Another thing that happens is that as the amount of real power (watts) increases the amount of amperes flowing in the stator (the stationary part of the synchronous generator) increases. And this causes the strength of the magnetic field of the stator to increase (more amperes flowing through a fixed number of turns of a conductor (the stator windings) causes the resultant magnetic field to increase). This stationary magnetic field reacts with the rotating magnetic field of the generator rotor and causes the rotating magnetic field strength to decrease somewhat. If the rotor field strength is reduced, then the generator terminal voltage will also be reduced.
So is it safe to say that excitation and governor controls are not independent in practical operation?
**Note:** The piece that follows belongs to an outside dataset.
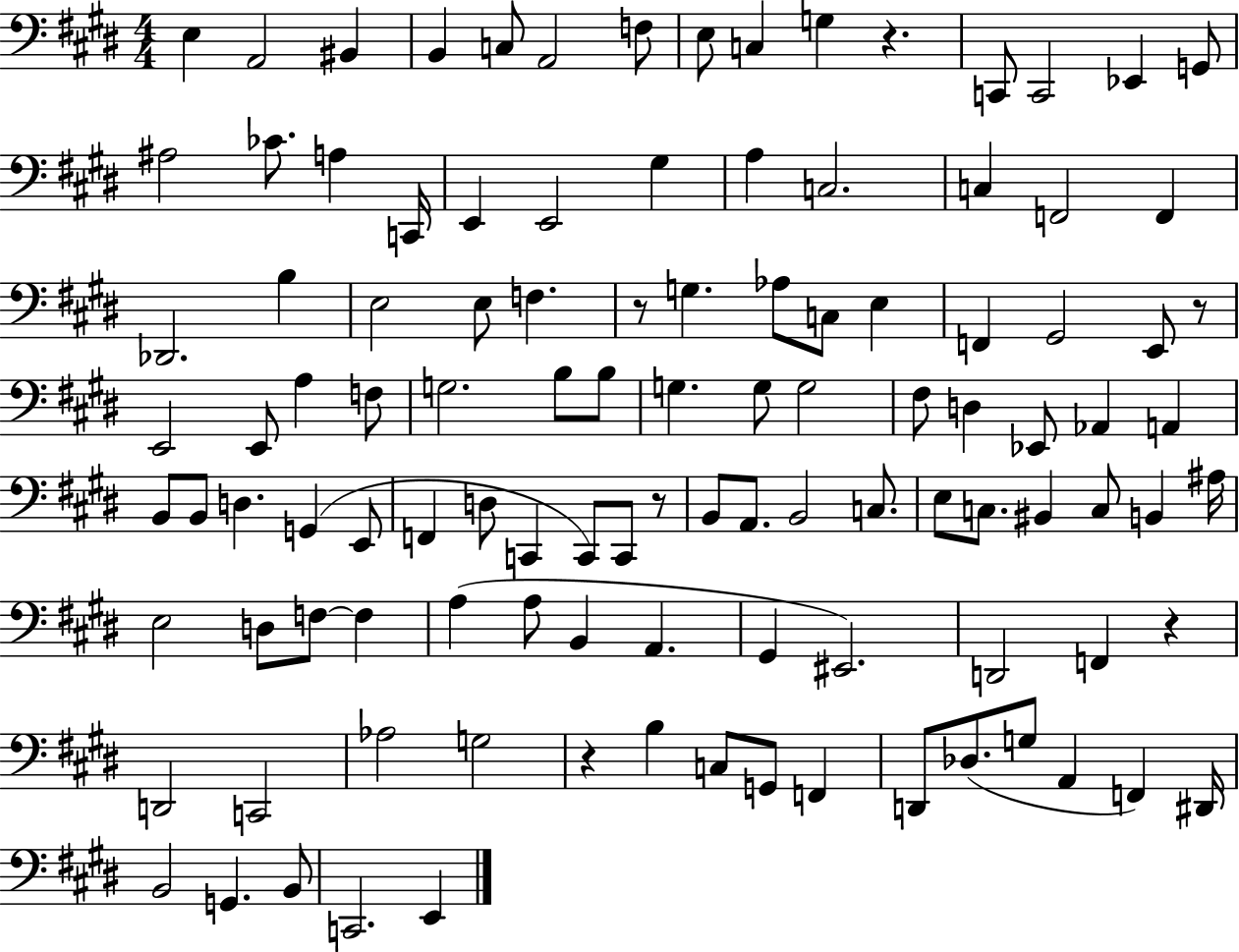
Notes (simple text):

E3/q A2/h BIS2/q B2/q C3/e A2/h F3/e E3/e C3/q G3/q R/q. C2/e C2/h Eb2/q G2/e A#3/h CES4/e. A3/q C2/s E2/q E2/h G#3/q A3/q C3/h. C3/q F2/h F2/q Db2/h. B3/q E3/h E3/e F3/q. R/e G3/q. Ab3/e C3/e E3/q F2/q G#2/h E2/e R/e E2/h E2/e A3/q F3/e G3/h. B3/e B3/e G3/q. G3/e G3/h F#3/e D3/q Eb2/e Ab2/q A2/q B2/e B2/e D3/q. G2/q E2/e F2/q D3/e C2/q C2/e C2/e R/e B2/e A2/e. B2/h C3/e. E3/e C3/e. BIS2/q C3/e B2/q A#3/s E3/h D3/e F3/e F3/q A3/q A3/e B2/q A2/q. G#2/q EIS2/h. D2/h F2/q R/q D2/h C2/h Ab3/h G3/h R/q B3/q C3/e G2/e F2/q D2/e Db3/e. G3/e A2/q F2/q D#2/s B2/h G2/q. B2/e C2/h. E2/q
Also what happens in the stator and rotor magnetic fields if the reactive power is increased but the watts are unchanged?
 
Selk,

There's increasing LEADING and increasing LAGGING VArs.... This explanation presumes the generator is synchronized to a grid with other generators and their prime movers.

In the case of increasing leading VArs the excitation being applied to the generator rotor is reduced, which reduces the heat being generated by the current flow in the rotor windings. Decreasing the excitation too much can (should) lead to an under-excitation alarm, and if increased further to an under-excitation trip (or Loss of Field trip). When the magnetic strength of the rotor field gets decreased too much there can also be stator end-turn heating issues, but the biggest fear is weakening the rotor field so much that the rotor actually "jumps" due to the torque being applied to it by the prime mover. When this happens it's called 'slipping a pole' and it can lead to catastrophic failure of the rotor and coupling between the generator and the prime mover. It's not a good thing; not at all. It's the interaction between the two magnetic fields in the generator that keep the generator locked into the same frequency (speed) as the system with which it is connected (a grid). The other thing that happens when excitation is reduced is that it tries to "buck" (reduce) the system/grid voltage, which is sometimes not good for system/grid stability.

In the case of increasing lagging VArs the excitation being applied to the generator rotor is increased, which increases the amount of current flowing in the rotor windings which increases the heat of the generator rotor windings. This also causes the generator to try to "boost" (increase) the system/grid voltage, which is sometimes not good for system grid stability. It also somewhat weaken the stator winding field strength, but not usually by much.

One has to remember that a generator's nameplate rating is based on how much heat can be removed (transferred) from the generator windings (stator AND field) in order to not cause problems with the insulation of the windings, and for the stator end-turns as well. There are magnetic field distortions of the two magnetic fields present in any synchronous generator caused by excessively increasing or decreasing the rotor field current but as long as they aren't too excessive and don't last for too long and there's no lack of cooling then everything should be alright.

But, remember, VArs can be increased in either the leading or lagging direction.

The power factor of a generator is a measure of the efficiency of the generator at producing real power--watts, kW, MW. The more VArs a generator produces tends to reduce the amount of watts/kW/MW that can be generated, especially since in most cases (for larger generators) the excitation power actually comes from the generator terminals, either voltage or current. Some generators "redirect" power applied to the generator rotor from the prime mover to produce excitation current, which also somewhat reduces the real power which can be produced as excitation is increased.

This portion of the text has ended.